The appellee testified that he could not have seen from where he was when injured, whether the wheels were blocked or not. But there was nothing to require him to place his foot in such a dangerous place without some knowledge of the safety of the position which he had voluntarily assumed. He was not compelled to take this route. For aught that appears, there were many other ways in which he might have passed down without coming in contact with these cogs, and the burden was upon him to show freedom from negligence. He admits that he might have gone down on the opposite side without encountering this danger, although the route was somewhat longer than the one he selected. If he desired to make the cogwheels a stepping point for egress from and ingress to his place of employment, he should have first ascertained whether it was safe to do so.

Nor does it make the least difference, as we conceive the law to be, whether the appellee was employed as a skilled mechanic or a common laborer. There is no evidence to show that he was employed solely to work upon the ground, and appellee admits that he had been at work upon the traveler for a number of days without objection. The fact that he had no experience in building scaffolds can not aid the appellee. He was not injured while building a scaffold or as the result of a failure to instruct him on the part of appellant. All that was necessary for *him to do under the circumstances was to exercise his faculties in a way that men of ordinary prudence usually exercise them, and he could easily have avoided the injury. Nor is it easy to perceive how the injury can be said to be the proximate result of the appellee’s obedience to the orders of Pearson, the vice-principal. Such orders in no manner involved the placing of his foot in the cogwheels or even so near them that appellee was likely to be injured thereby. There- is not a scintilla of evidence going to show that the duties assigned the appellee required him to be in the position in which he was when injured, and there was, therefore, nothing to warrant the jury in coming to that conclusion.
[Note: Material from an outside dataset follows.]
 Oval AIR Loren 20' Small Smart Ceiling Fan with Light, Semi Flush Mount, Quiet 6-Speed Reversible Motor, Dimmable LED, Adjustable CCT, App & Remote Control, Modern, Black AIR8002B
The two essential elements in contributory negligence are want of ordinary care by the plaintiff, and a causal connection between such want of care and the injury complained of. Beach Oontrib. Neg., section 19.

Of course what is and is not ordinary care must always depend upon the circumstances of each particular case. It is said that ordinary care should be that degree of care and foresight which a discreet and cautious individual would, or ought to, use if the whole risk and loss were to be his own exclusively. Mayor, etc., v. Bailey, 2 Denio, 433; City of Madison v. Ross, 3 Ind. 236; 54 Am. Dec. 481.

Filed March 19, 1895.

That no person exercising ordinary prudence and care would voluntarily place his foot where the appellee placed his, without knowing that the wheels were blocked or hemmed so that they could not move, we think must be admitted. That the appellee’s negligence, therefore, proximately contributed to the result can not, it seems to us, admit of a serious doubt or dispute.

The evidence shows a clear case of contributory negligence, as we view it, and it was for that reason insufficient to support the verdict. The ap’pellant was entitled to a new trial. Judgment reversed.